== Material supplied

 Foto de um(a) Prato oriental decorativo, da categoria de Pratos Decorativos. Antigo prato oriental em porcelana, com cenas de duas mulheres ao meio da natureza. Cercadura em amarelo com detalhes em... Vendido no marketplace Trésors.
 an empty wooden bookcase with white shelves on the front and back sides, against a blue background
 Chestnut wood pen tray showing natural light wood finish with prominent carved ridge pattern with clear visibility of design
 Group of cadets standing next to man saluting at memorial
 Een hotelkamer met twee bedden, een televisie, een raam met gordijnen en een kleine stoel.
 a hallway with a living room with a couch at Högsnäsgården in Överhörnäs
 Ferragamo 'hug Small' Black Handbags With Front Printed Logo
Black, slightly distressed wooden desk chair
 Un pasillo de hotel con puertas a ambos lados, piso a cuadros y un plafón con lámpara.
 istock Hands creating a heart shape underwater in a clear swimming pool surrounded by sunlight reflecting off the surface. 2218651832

====
== Material supplied

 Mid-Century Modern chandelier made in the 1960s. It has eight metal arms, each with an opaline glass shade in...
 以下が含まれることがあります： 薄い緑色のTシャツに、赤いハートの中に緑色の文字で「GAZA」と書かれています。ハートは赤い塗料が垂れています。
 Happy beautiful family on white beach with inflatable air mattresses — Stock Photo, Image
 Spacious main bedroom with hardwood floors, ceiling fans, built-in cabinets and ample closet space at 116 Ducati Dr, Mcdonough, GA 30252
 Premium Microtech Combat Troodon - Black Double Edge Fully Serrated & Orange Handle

====
== Material supplied

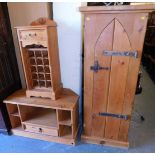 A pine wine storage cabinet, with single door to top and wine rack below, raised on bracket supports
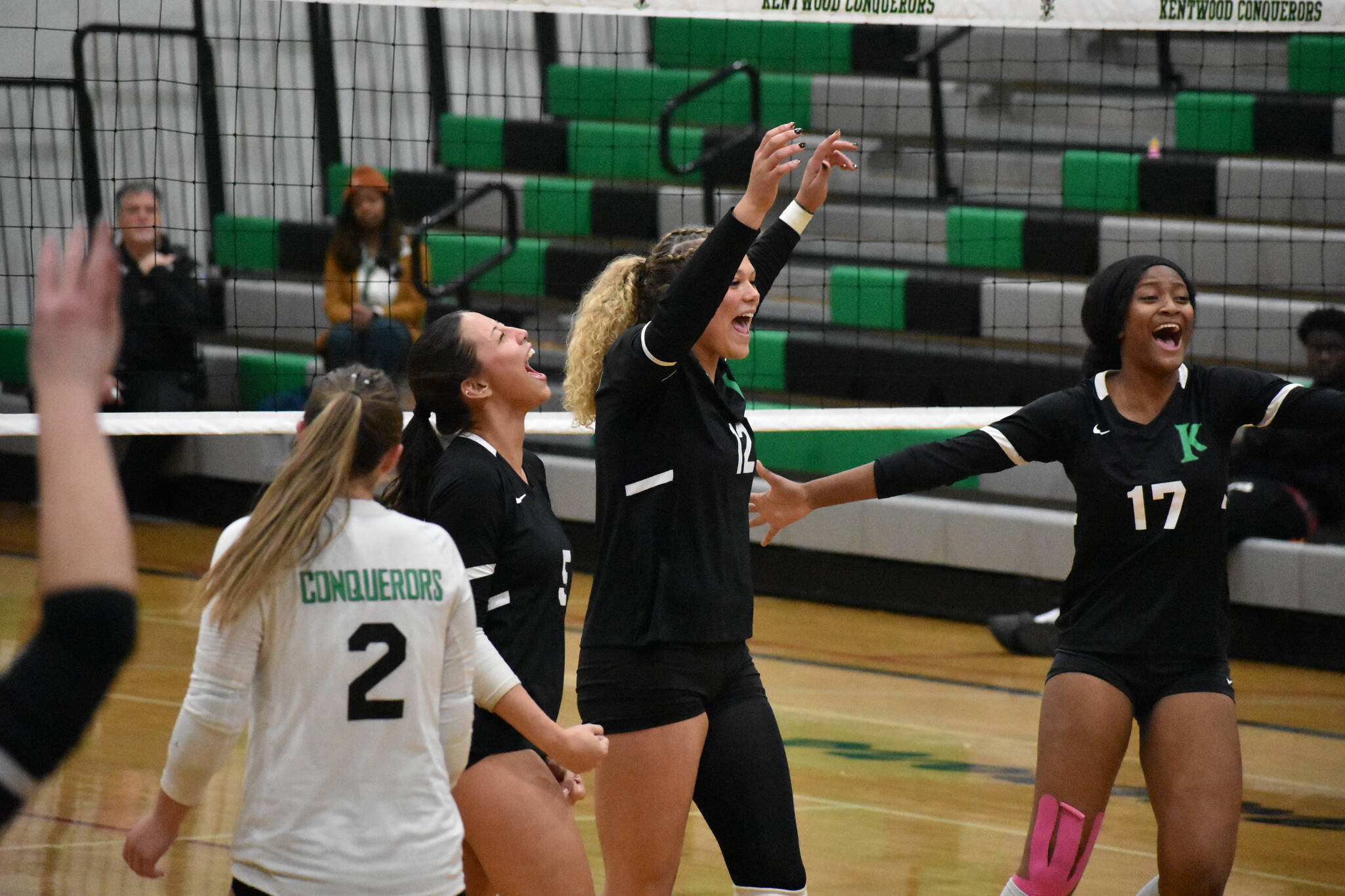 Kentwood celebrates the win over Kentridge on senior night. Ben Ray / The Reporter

====

▶ **What the task requires**: Everything above from the line containing "Foto de um(a)" down to the line containing "an empty wooden" is to be transcribed exactly, with both of those lines included and nothing else added.

▶ **Output of the exercise**:
 Foto de um(a) Prato oriental decorativo, da categoria de Pratos Decorativos. Antigo prato oriental em porcelana, com cenas de duas mulheres ao meio da natureza. Cercadura em amarelo com detalhes em... Vendido no marketplace Trésors.
 an empty wooden bookcase with white shelves on the front and back sides, against a blue background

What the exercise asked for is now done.